Chapter 19 Civil disobedience
Introduction
Civil disobedience is the non-violent breaking of a law on moral grounds. While
there were theorists of civil disobedience in the nineteenth and early twentieth
centuries, and the theory may be applicable to non-democratic societies, this
chapter focuses on the post-war discussion of civil disobedience in a liberal
democratic society. Although few people may ever engage in civil disobedience
in their lifetimes it is not a peripheral concept, for the justification of civil
disobedience touches on the moral basis of majoritarian democracy.

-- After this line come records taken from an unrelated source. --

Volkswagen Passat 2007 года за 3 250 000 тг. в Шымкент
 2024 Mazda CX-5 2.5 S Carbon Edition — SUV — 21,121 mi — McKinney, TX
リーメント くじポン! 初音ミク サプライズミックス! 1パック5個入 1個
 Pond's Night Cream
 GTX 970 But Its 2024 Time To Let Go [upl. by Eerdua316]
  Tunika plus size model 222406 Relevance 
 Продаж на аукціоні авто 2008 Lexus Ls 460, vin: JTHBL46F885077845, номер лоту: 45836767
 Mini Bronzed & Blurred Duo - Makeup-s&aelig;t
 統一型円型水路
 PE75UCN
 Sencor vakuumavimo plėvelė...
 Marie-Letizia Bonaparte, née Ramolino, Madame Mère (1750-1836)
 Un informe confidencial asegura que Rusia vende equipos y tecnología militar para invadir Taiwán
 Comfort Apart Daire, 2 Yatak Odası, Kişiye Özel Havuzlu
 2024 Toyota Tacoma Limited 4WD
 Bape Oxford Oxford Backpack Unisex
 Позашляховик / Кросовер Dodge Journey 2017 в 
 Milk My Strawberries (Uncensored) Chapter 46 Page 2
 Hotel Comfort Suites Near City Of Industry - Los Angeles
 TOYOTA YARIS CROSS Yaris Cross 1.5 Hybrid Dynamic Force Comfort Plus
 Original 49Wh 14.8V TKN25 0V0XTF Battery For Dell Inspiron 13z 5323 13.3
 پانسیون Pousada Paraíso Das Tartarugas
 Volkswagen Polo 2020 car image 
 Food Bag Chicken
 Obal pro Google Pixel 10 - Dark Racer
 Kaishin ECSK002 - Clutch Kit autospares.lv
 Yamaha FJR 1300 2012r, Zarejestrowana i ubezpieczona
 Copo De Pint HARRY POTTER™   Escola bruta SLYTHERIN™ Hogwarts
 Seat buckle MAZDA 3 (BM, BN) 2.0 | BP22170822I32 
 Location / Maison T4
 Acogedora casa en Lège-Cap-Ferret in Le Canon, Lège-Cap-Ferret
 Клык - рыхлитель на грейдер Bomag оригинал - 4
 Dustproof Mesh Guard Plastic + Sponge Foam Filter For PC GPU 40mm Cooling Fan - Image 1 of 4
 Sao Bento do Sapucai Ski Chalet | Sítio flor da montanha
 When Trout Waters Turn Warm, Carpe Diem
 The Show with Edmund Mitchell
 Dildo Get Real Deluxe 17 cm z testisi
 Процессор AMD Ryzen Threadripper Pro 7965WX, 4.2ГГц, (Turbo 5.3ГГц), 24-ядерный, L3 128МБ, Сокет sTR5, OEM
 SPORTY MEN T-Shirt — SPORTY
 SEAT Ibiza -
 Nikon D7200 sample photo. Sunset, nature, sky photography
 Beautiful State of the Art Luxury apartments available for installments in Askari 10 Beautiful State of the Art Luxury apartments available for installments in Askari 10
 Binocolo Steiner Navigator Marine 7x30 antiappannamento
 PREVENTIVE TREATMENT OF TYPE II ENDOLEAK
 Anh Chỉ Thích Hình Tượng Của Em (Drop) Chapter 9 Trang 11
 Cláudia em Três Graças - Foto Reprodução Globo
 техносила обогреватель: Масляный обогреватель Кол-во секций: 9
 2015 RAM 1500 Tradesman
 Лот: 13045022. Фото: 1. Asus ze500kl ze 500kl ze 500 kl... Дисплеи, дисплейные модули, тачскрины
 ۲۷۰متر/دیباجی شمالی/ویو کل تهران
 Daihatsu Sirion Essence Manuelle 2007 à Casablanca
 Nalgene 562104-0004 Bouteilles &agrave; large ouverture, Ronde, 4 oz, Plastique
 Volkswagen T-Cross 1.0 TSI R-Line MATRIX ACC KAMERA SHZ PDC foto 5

Whereas
in the pre-modern and early modern periods political theory was concerned
with the right to rebel, the fundamental question raised by civil disobedience
to a modern audience is this: how is it possible to have a general respect for
the rule of law and yet break specific laws?
Chapter map
In this chapter we will:
- Distinguish civil disobedience from
legal protest, revolution and ‘mere
criminality’. - Discuss whether we have a special
obligation to obey democratically
agreed laws. - Analyse one of the most influential
philosophical discussions of civil
disobedience – that advanced by John
Rawls.- Apply the theoretical discussion
of civil disobedience to a case study:
the Civil Rights Movement in the
United States. - Discuss Martin Luther King’s
justification of civil disobedience.